And then the third is the debris field. As I said it was very extensive. Each one of these dots is a piece of debris. Here’s the Dallas-Fort Worth metroplex. The ground track was just a little bit south of Dallas in this direction. And the vehicle break up position was right about here. So this is about 250 miles long, and about 10 miles wide. 2500 square miles of pretty dense forest over in this region, forest and swamp, needed to be combed through to recover in the end a little over 30% of the vehicle by weight. As folks started to find components from Columbia’s avionics bays, that was really the next level of excitement because they really needed to find a particular piece of equipment called MADS, which stands for the modular auxiliary data system. And by saying okay, this component was here next to MADS and we found it here, okay here’s another component that we found. It was here next to MADS, and we found that there, they were able over a period of a few weeks, to draw a pretty small circle where MADS could be, and indeed when looking in that pretty small circle came up on top of a little rise, and there it was. MADS is like the flight data recorder on steroids that you’d find in an airplane. Instead of a few parameters, it holds several thousand.
Temperatures, pressures, strain gauges, all the kinds of engineering information that you’d want if you were trying to maintain a space shuttle, but equally valuable, more valuable if you’re trying to figure out how a space shuttle came apart. And then the normal sort of reconstruction that you’re used to seeing in an aircraft accident. Except in an aircraft accident there’s usually more debris available. Again, this happened at 200,000 feet at Mach 18. That they were able to find anything useful in the forests in east Texas just kind of boggles my mind. But you can get a lot of information from what’s there and the damage that you see in what’s there. But the remarkable thing in an accident like this is there’s also a lot of information available from what’s not there. The lower surface of the left wing, there’s very little debris that actually got recovered from there. There’s a lot of debris that was recovered from the lower surface of the right wing. Why the difference? Well, there must have been something going on in the left wing that heated it up enough that when this debris got released, it wasn’t able to withstand its own little bit of reentry heat. And then you build a timeline of everything. And the MADS recorder is one of the things that really really helped with that.

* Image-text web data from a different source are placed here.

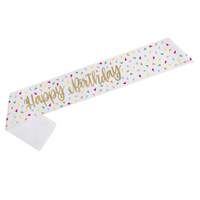 Unique Sash Happy Birthday Gold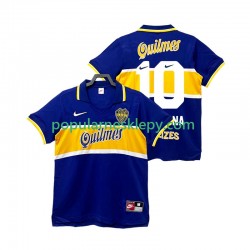 Koszulka Krótka Męska CA Boca Juniors Pierwszy strój MARADONA 10 Retro 1997 1998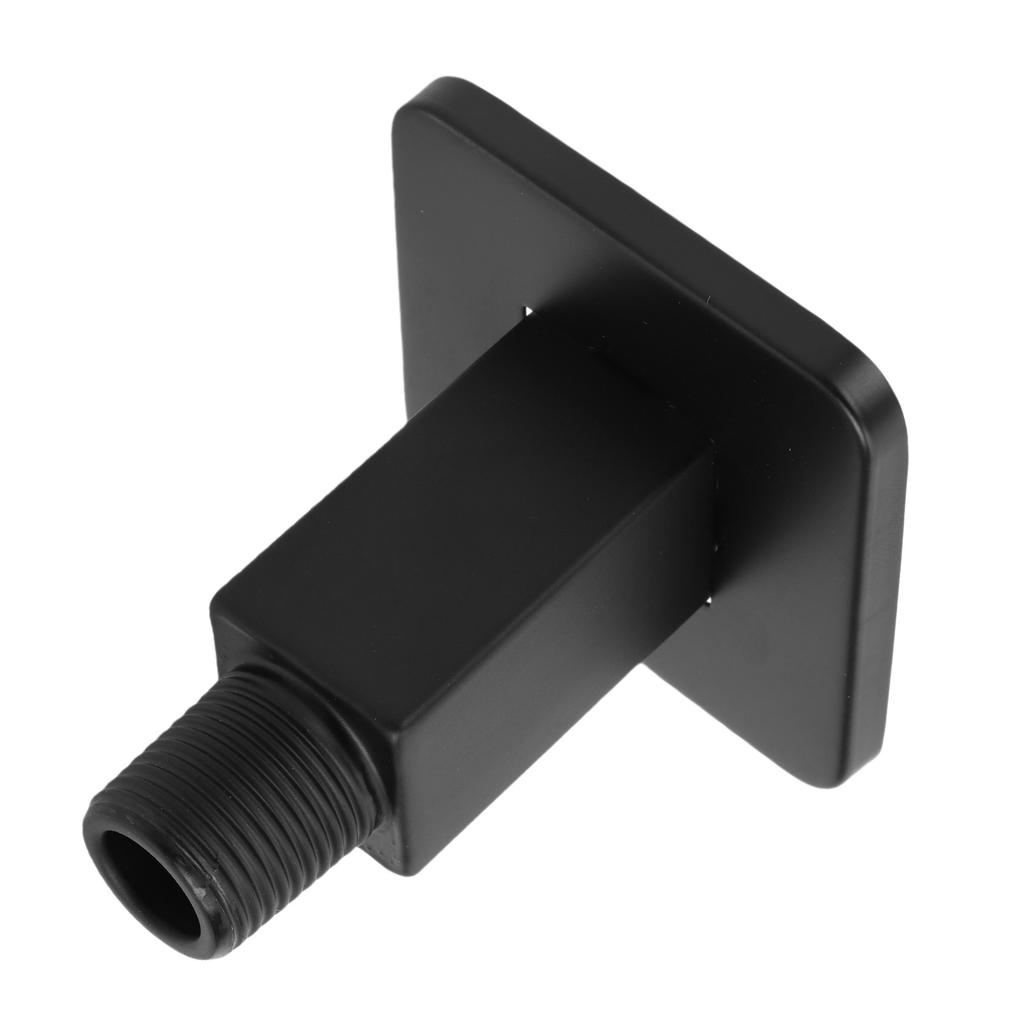 Straight Shower Arm 8.5cm Black Stainless Steel Ceiling Mount Shower Extender for Shower Head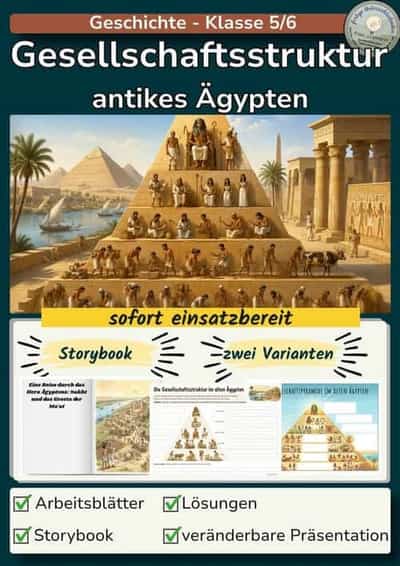 Vorschau - Stundenentwürfe - Gesellschaftsstruktur altes Ägypten - Deckblatt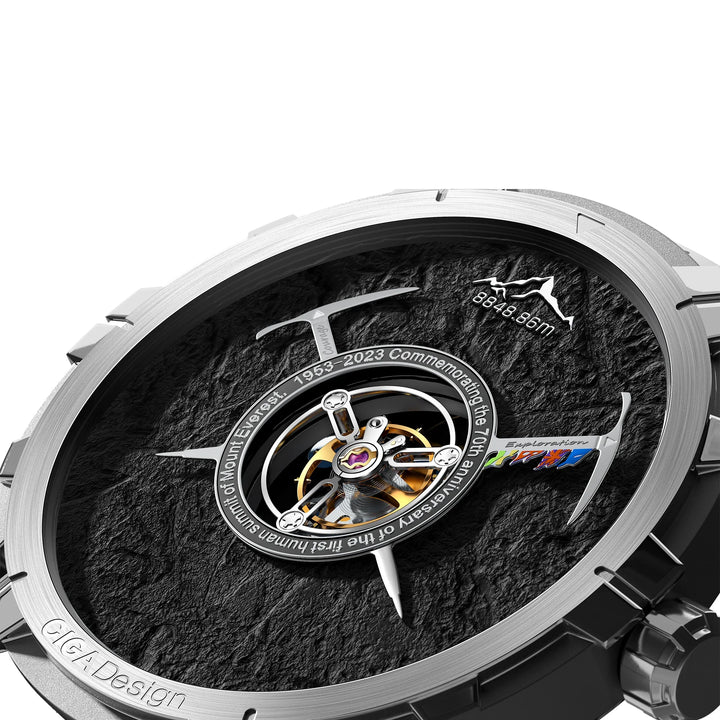 CIGA Design Men's Watch: Mount Everest Edition Central Tourbillon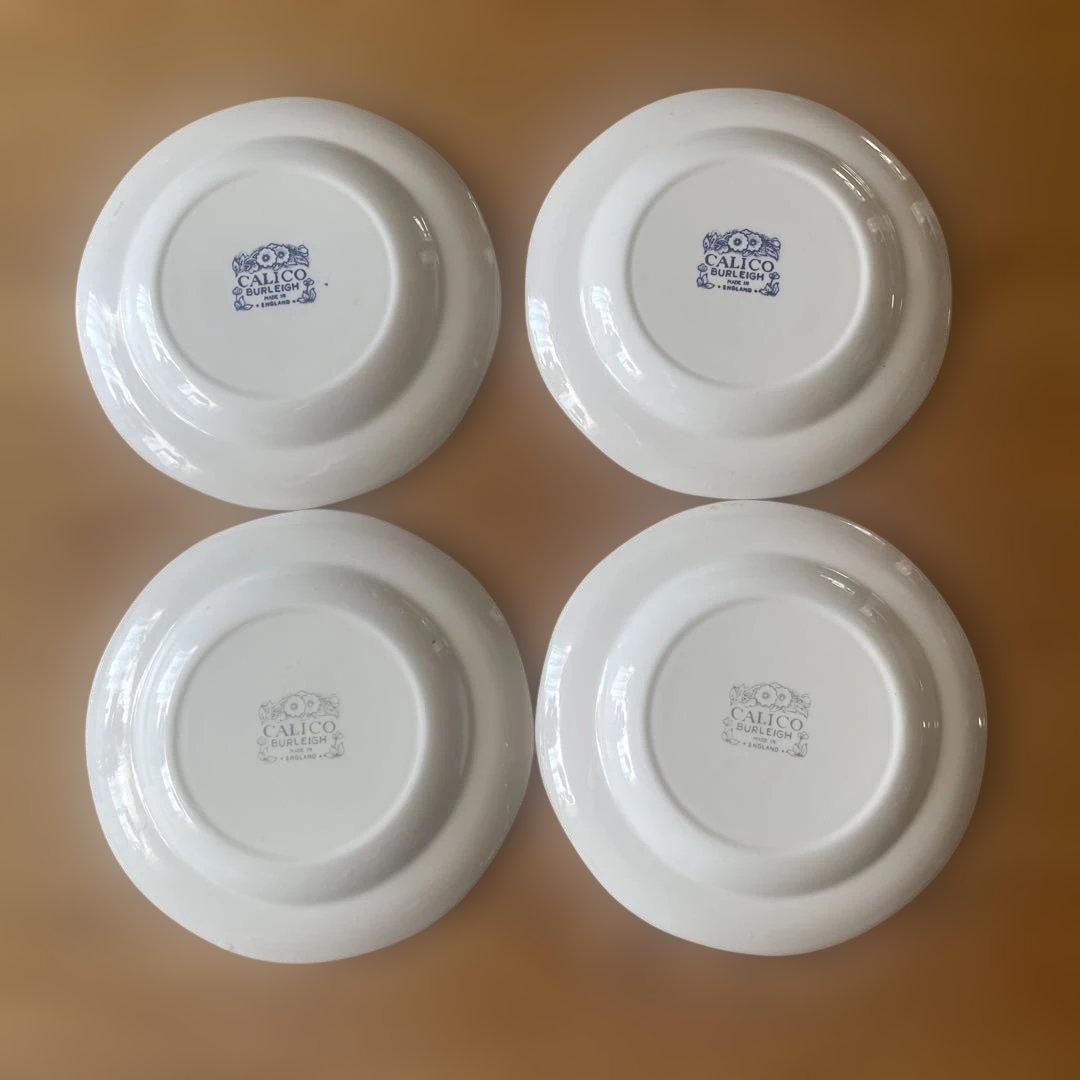 BURLEIGH / CALICO / キャリコ /プレート 4枚セット19cm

I’ve pulled out a very small piece of a very large map that got built by the board. Here Columbia is traveling from the northwest to the southeast, north of the Grand Canyon. Each one of these dots is a piece of telemetry, and any time there’s something interesting, they put a little cartoon bubble and tell you what that is. With no a priori opinion about whether it’s going to be relevant, but let’s put it all together so that we can go back and look at it in sequence, and see what we can learn from it. Another piece of really important timeline was recovered by USSPACECOM. USSPACECOM is an organization, it’s part of the Air Force and they’re, one of their important jobs is to track all of the orbital debris that exists in low Earth orbit. If there’s a chunk big enough that’s going to come within about a kilometer of the Space Station within the next few days, well you stop what you’re doing on the Space Station and you do a little bit of a burn to take yourself out of its box, so it never has the chance to come close enough to you to cause a problem.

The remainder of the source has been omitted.